* **TASK TO COMPLETE**
Everything from the line with "165 Skyline Drive, Kholo" to the line with "Above & Beyond" in the listing below, both lines included, needs to be copied exactly, apart from the pictures.

--- RECORDS SUPPLIED Enclosed Below ---

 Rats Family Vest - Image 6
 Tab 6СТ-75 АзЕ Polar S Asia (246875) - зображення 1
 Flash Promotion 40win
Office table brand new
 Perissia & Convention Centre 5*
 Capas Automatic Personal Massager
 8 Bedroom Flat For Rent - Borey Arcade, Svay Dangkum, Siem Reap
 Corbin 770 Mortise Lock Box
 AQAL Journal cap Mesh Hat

--- End of Enclosed RECORDS SUPPLIED ---
--- RECORDS SUPPLIED Enclosed Below ---

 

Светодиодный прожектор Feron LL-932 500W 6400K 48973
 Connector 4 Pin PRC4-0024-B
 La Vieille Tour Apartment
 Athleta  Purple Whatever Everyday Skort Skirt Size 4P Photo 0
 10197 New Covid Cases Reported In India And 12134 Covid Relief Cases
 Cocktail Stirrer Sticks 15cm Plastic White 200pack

--- End of Enclosed RECORDS SUPPLIED ---
--- RECORDS SUPPLIED Enclosed Below ---

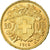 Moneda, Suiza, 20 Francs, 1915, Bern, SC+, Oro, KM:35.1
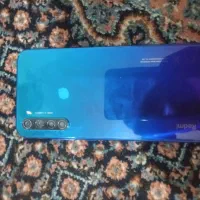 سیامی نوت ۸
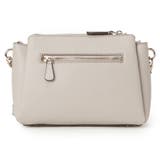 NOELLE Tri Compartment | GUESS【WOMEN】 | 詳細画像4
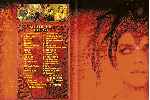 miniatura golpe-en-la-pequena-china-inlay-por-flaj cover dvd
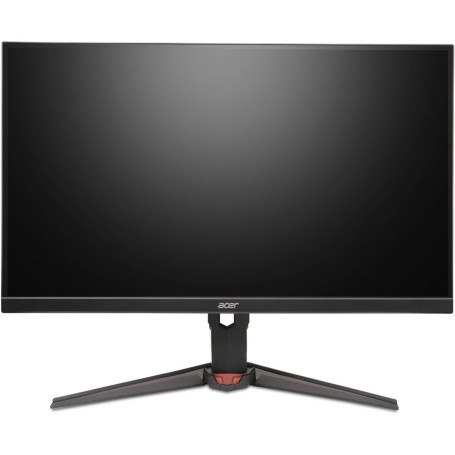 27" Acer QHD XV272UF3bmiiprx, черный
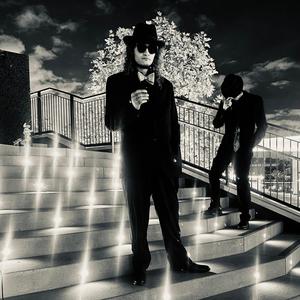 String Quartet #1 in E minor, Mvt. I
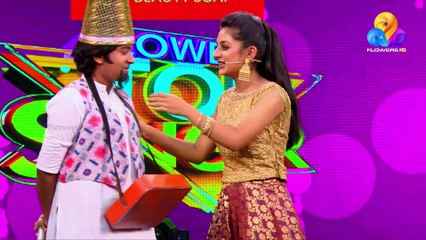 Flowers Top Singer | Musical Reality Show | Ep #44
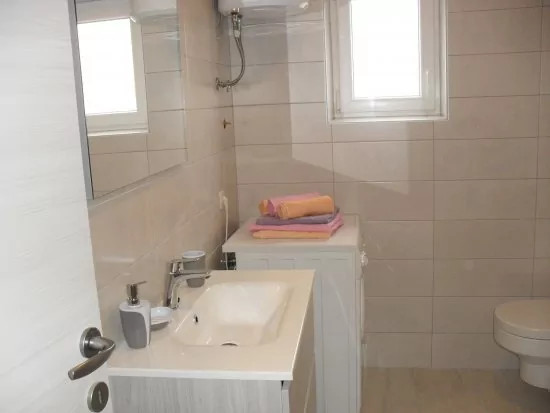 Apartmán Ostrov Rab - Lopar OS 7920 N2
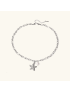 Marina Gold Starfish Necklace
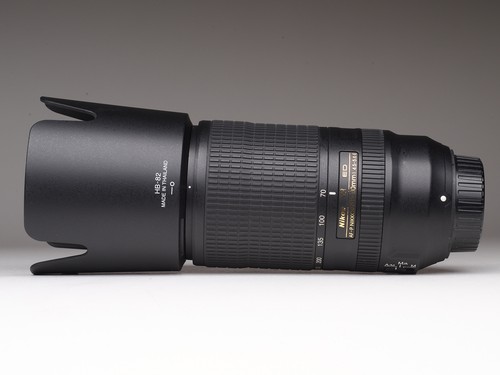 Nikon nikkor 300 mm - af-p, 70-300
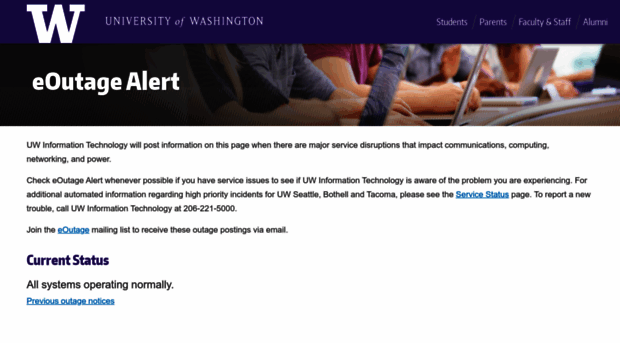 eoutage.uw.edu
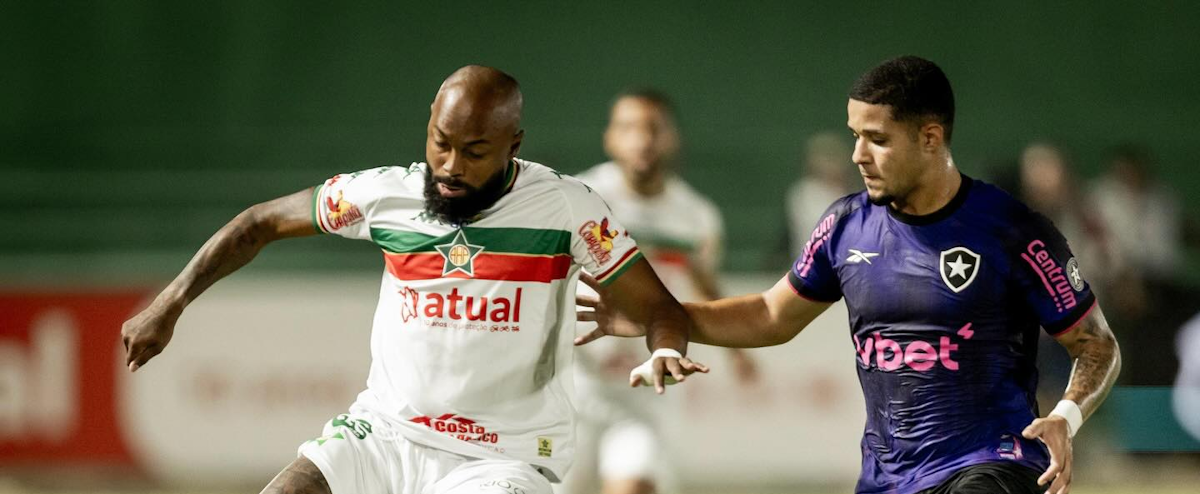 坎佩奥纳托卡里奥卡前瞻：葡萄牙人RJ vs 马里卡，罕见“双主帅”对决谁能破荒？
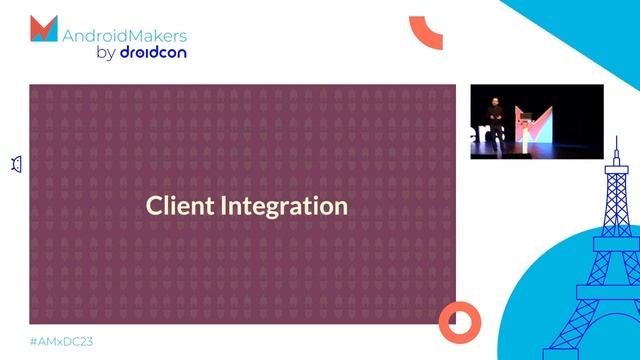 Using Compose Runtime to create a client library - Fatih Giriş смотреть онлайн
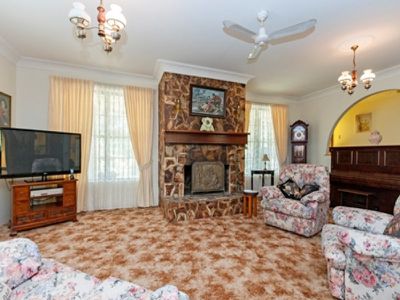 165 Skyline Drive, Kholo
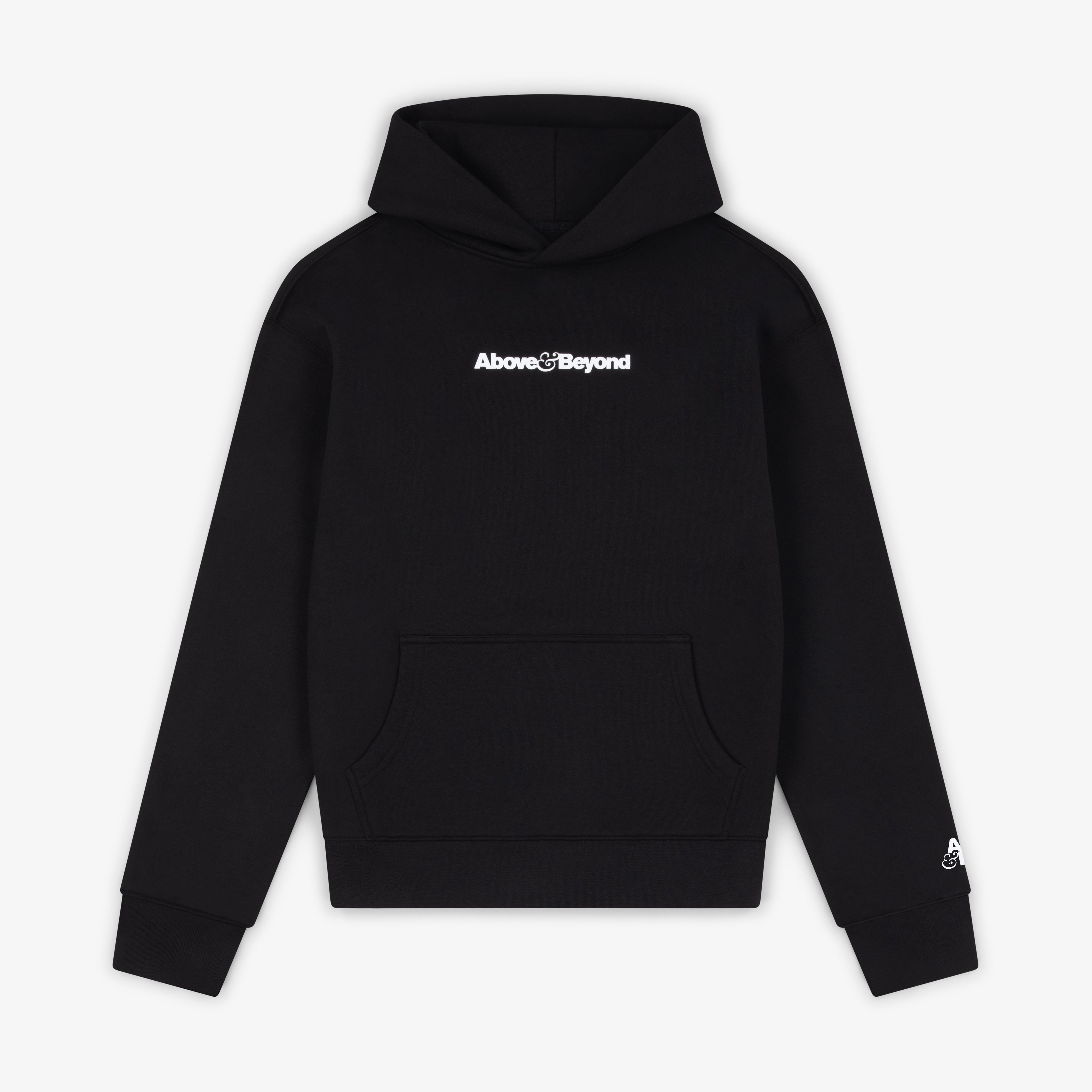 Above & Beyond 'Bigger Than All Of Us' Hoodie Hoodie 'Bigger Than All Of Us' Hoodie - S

--- End of Enclosed RECORDS SUPPLIED ---

* **TASK ANSWER**
 165 Skyline Drive, Kholo
 Above & Beyond 'Bigger Than All Of Us' Hoodie Hoodie 'Bigger Than All Of Us' Hoodie - S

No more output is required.